6 ITB Syndrome Exercises to Fix Knee Pain for Good

Address the Root Causes for Lasting Relief

By Coach E

Today, we’re going to talk about iliotibial band syndrome (ITB syndrome). More importantly, we will get to the root cause to make sure that you address the factors that give you lasting results. 

We will start with what ITB syndrome is, how the iliotibial band works, and then move to 6 easy exercises to fix it for good. 

What is IT Band Syndrome?

It’s pain in the lateral aspect (outside) of the knee, usually toward the top of the joint. It’s common in runners and cyclists, especially when ramping up volume and intensity after a break from activity. 

For whatever reason, jumping back into exercises and going hard often results in IT Band Syndrome. It’s one of the most common injuries runners get. But you will notice that some runners are more prone to it than others. 

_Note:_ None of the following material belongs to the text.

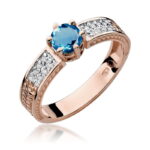 Inel Aur 14K cu Topaz 0.50 ct - Imagine 8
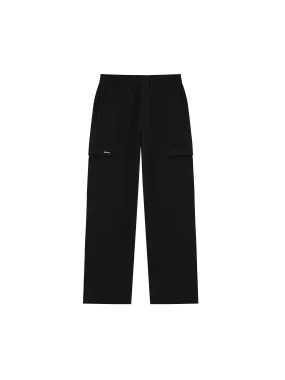 Mens DNA Double Jersey Cargo Trousers—black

We will get to why momentarily, but first it helps to have a little bit of background in the anatomy of your outer thigh. [1]

Understanding the Iliotibial Band

First, what is the IT band?

The iliotibial band originates on the pelvis on the ilium. It runs on the outside of the thigh and inserts down into the tibia. 

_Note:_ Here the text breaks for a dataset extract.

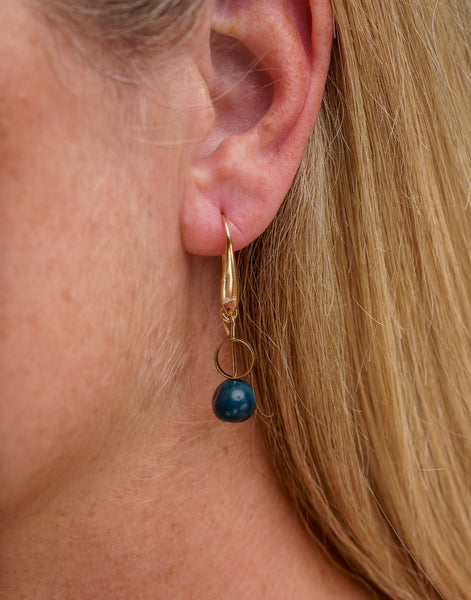 Denim Blue Ana Acai Earrings - Pretty Pink Jewellery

There are a bunch of muscles under the IT band. You have the tensor fasciae latae, which inserts into the IT band. When it contracts, it pulls the ITB tighter. 

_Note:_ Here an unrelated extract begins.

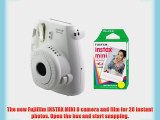 Fujifilm FU64-MINI8WK20 INSTAX MINI 8 Camera and Film Kit with 20 Exposures (White)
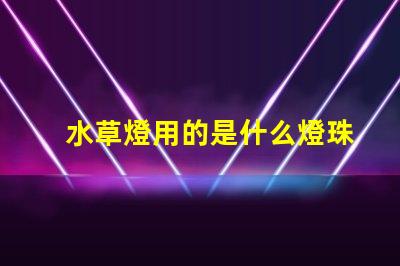 水草燈用的是什么燈珠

You have the glute medius, which also inserts into the ITB. Then there is the glute maximus. Nearly 80% of the fibers in your glute maximus insert into your IT band. 

Moving down to your outer thigh, there is the vastus lateralis muscle. (That’s the lateral quadriceps head.) It’s not attached to the ITB, but sometimes it can get stuck as you’ll learn in the first exercise. 

If the ITB is particularly tight, there can be adhesion to this underlying muscle, which is the first thing we have to solve. It’s also why we don’t recommend foam rolling because you end up compressing the tissue and nothing gets lengthened or stretched out. The active self-myofascial release in the first exercise separates the ITB from the vastus lateralis, allowing proper glide to occur between those two tissues. 

Now that you have a better understanding of the structures around the iliotibial band, we can look at the root causes of IT band tightness.

tfl muscle and iliotibial band

What Causes IT Band Tightness?

Functionally, the tensor fasciae latae (TFL) combined with the glute max puts the most tension on the IT band. The thing with the TFL is it’s often implicated in IT band syndrome. It has trigger points, and many people feel discomfort right in the front of the hip.  

It’s common for the TFL to jump in and take over for other muscles in your hip: your iliopsoas for hip flexion, glute maximus in hip external rotation, and the glute medius in hip abduction. 

The problem is the TFL is a small muscle. It can help out, but it can’t take over the jobs these other muscles perform. Over time, these compensatory mechanisms (specifically regarding the TFL) can result in increased tension of the IT band – ultimately leading to IT band syndrome and inflammation. 

But why do some runners get ITB syndrome when another runner takes the same time off and doesn’t feel a thing?

runners - it band pain

The risk factors fall into three main categories. 

First, we have structural risk. Structural refers to either knock knees (valgus knees) or bow knees (varus knees). Both of these structural conditions can increase your risk of IT band syndrome. 

Second, look at the bottom of shoes that you’ve worn for a while. If the tread is more worn on the outside of the shoe, that indicates you weight bear through the outside of your foot. That will predispose you to IT band syndrome. 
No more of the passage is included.